TASK GOAL: Your task is to restate word for word the lines in the material below, from the one with "Deluxe Suite photo 3" up to and including the one with "Ito marcó su". Do not carry over the pictures.

INPUT MATERIAL START

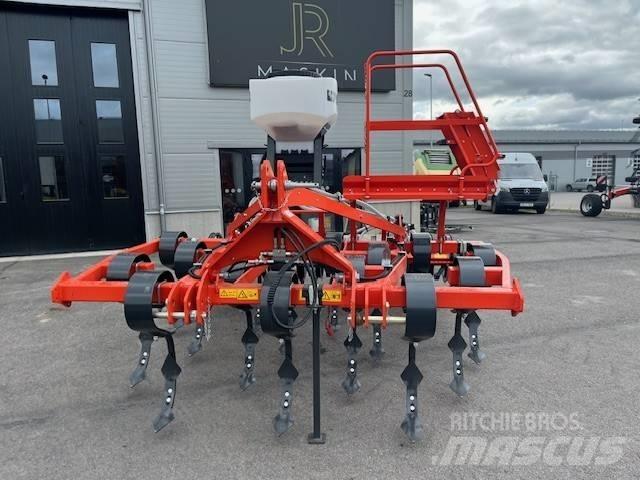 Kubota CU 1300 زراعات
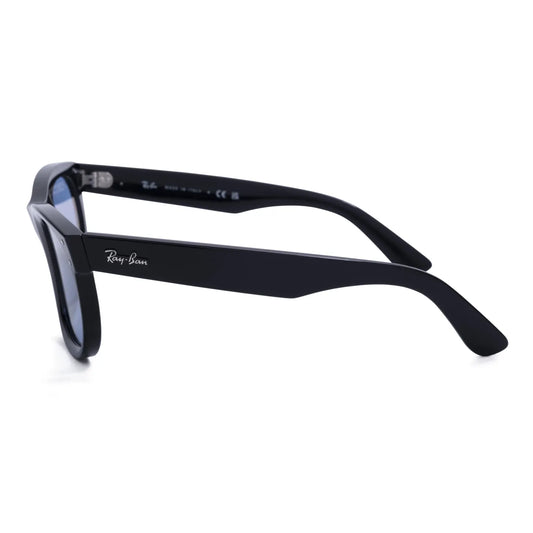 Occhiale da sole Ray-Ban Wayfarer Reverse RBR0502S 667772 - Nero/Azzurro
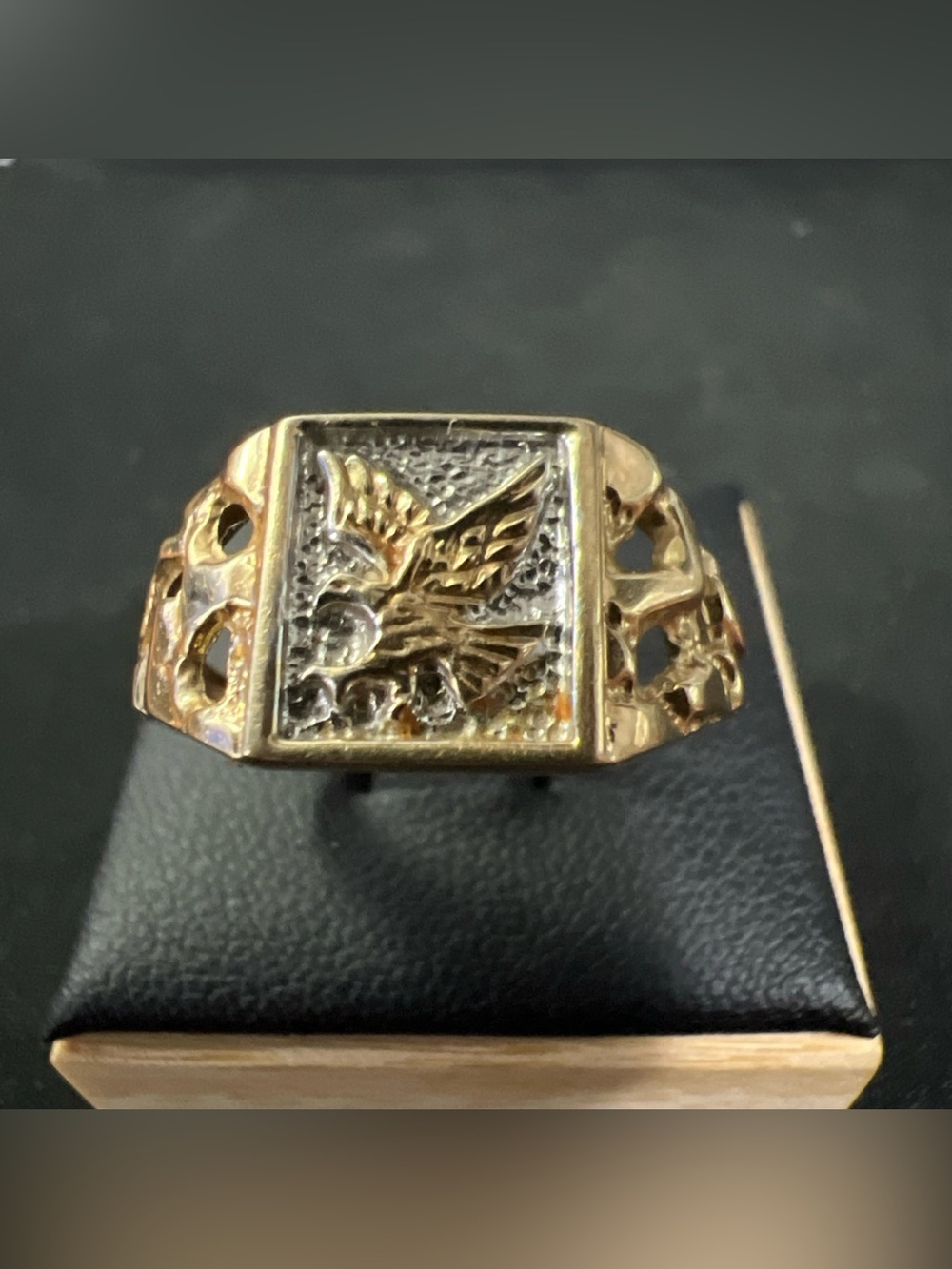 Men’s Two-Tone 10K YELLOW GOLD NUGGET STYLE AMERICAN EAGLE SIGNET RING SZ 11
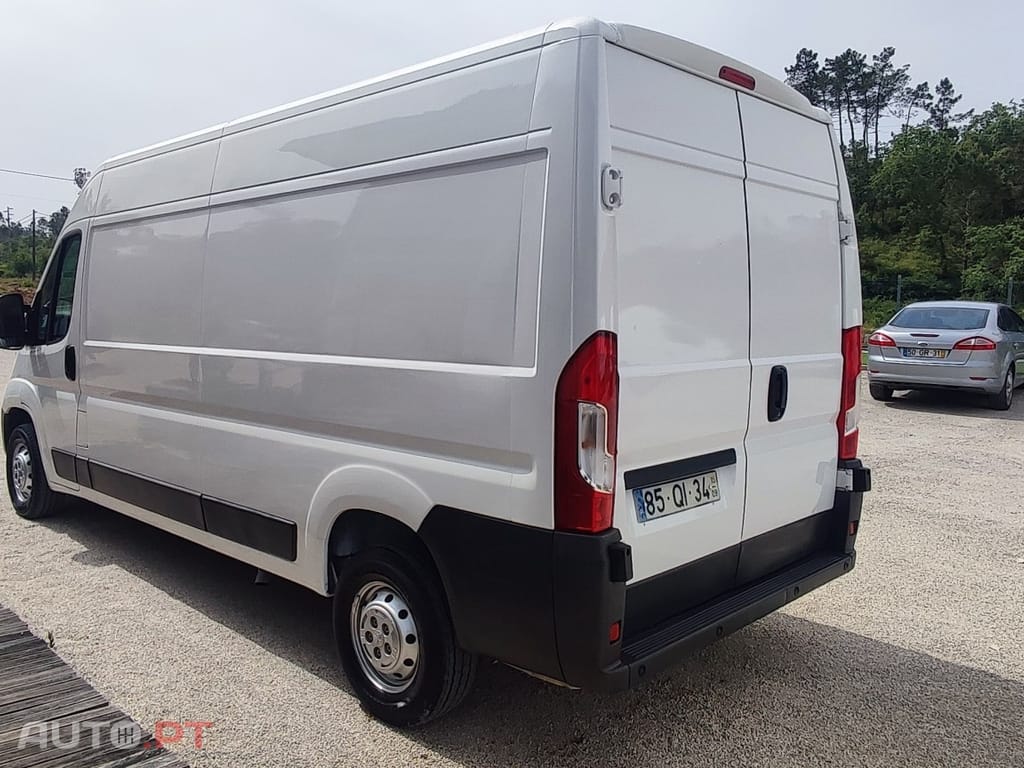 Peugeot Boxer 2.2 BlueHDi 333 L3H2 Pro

INPUT MATERIAL END
INPUT MATERIAL START

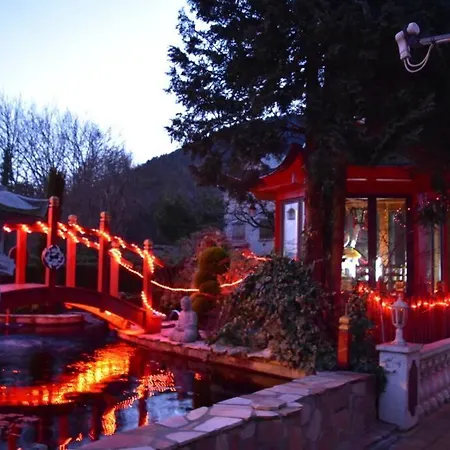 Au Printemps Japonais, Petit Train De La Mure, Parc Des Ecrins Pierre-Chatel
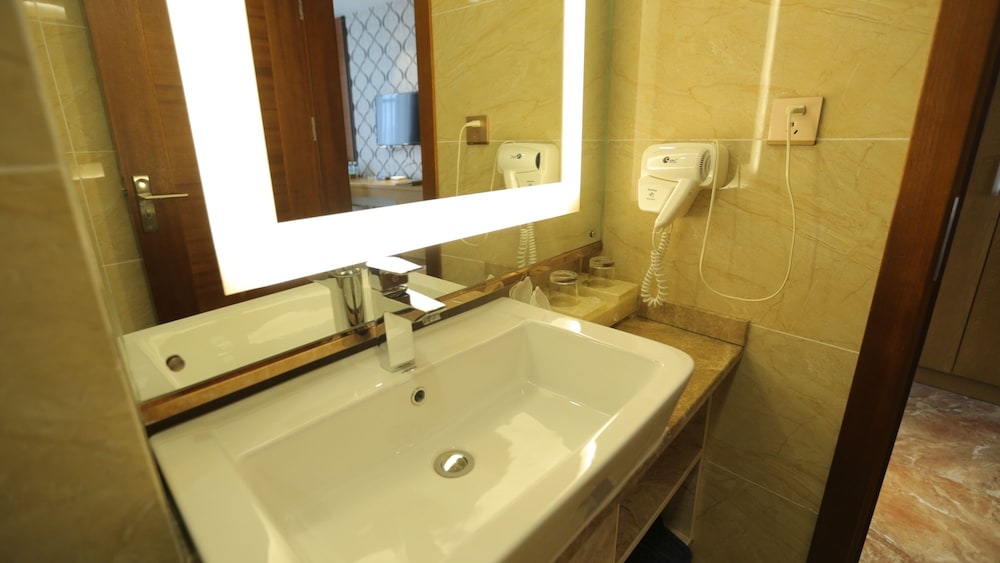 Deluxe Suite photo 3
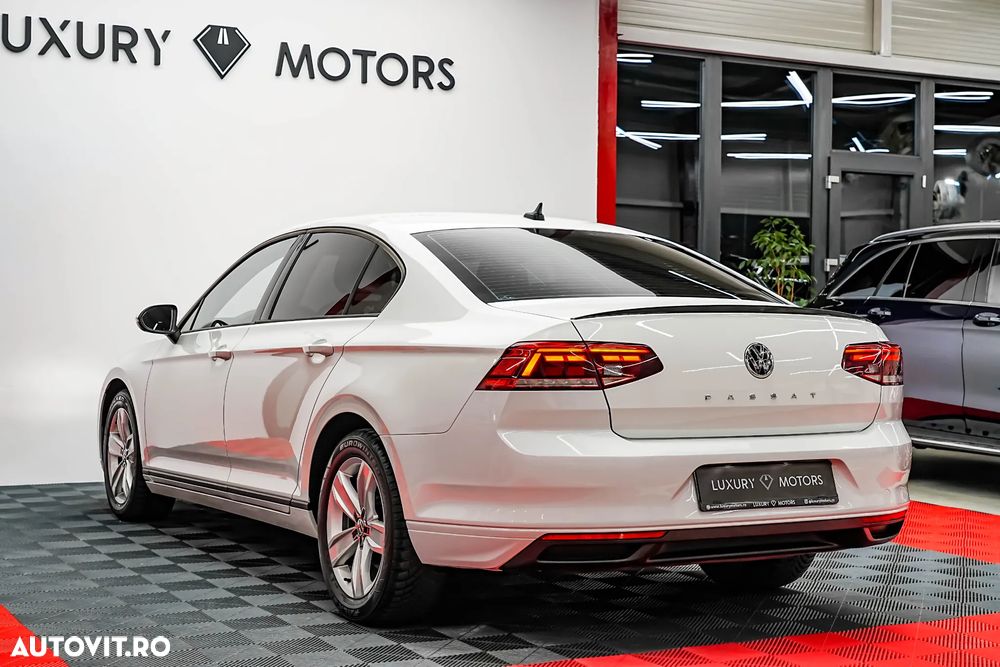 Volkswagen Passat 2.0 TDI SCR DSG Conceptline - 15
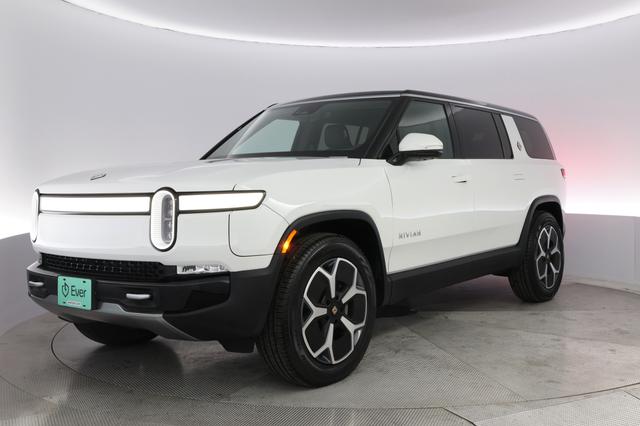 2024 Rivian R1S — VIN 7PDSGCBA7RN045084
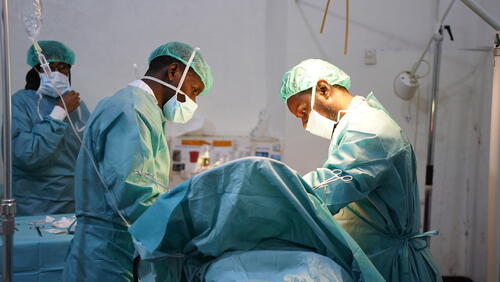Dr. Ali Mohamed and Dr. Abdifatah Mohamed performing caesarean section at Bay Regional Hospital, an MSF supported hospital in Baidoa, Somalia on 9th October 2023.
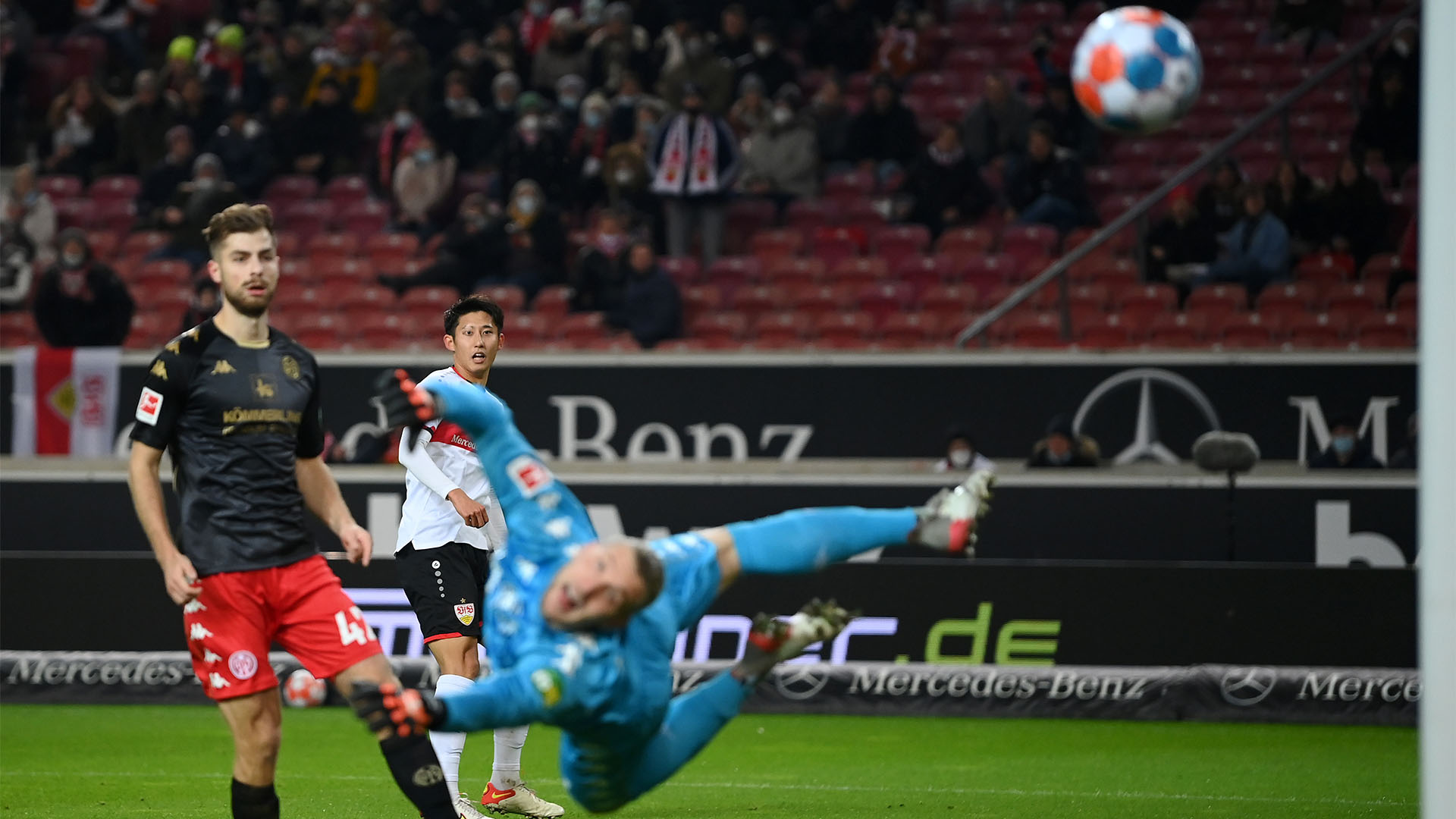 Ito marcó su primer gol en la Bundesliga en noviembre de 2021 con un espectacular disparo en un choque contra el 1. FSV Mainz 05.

INPUT MATERIAL END

RESPONSE:
 Deluxe Suite photo 3
 Volkswagen Passat 2.0 TDI SCR DSG Conceptline - 15
 2024 Rivian R1S — VIN 7PDSGCBA7RN045084
Dr. Ali Mohamed and Dr. Abdifatah Mohamed performing caesarean section at Bay Regional Hospital, an MSF supported hospital in Baidoa, Somalia on 9th October 2023.
 Ito marcó su primer gol en la Bundesliga en noviembre de 2021 con un espectacular disparo en un choque contra el 1. FSV Mainz 05.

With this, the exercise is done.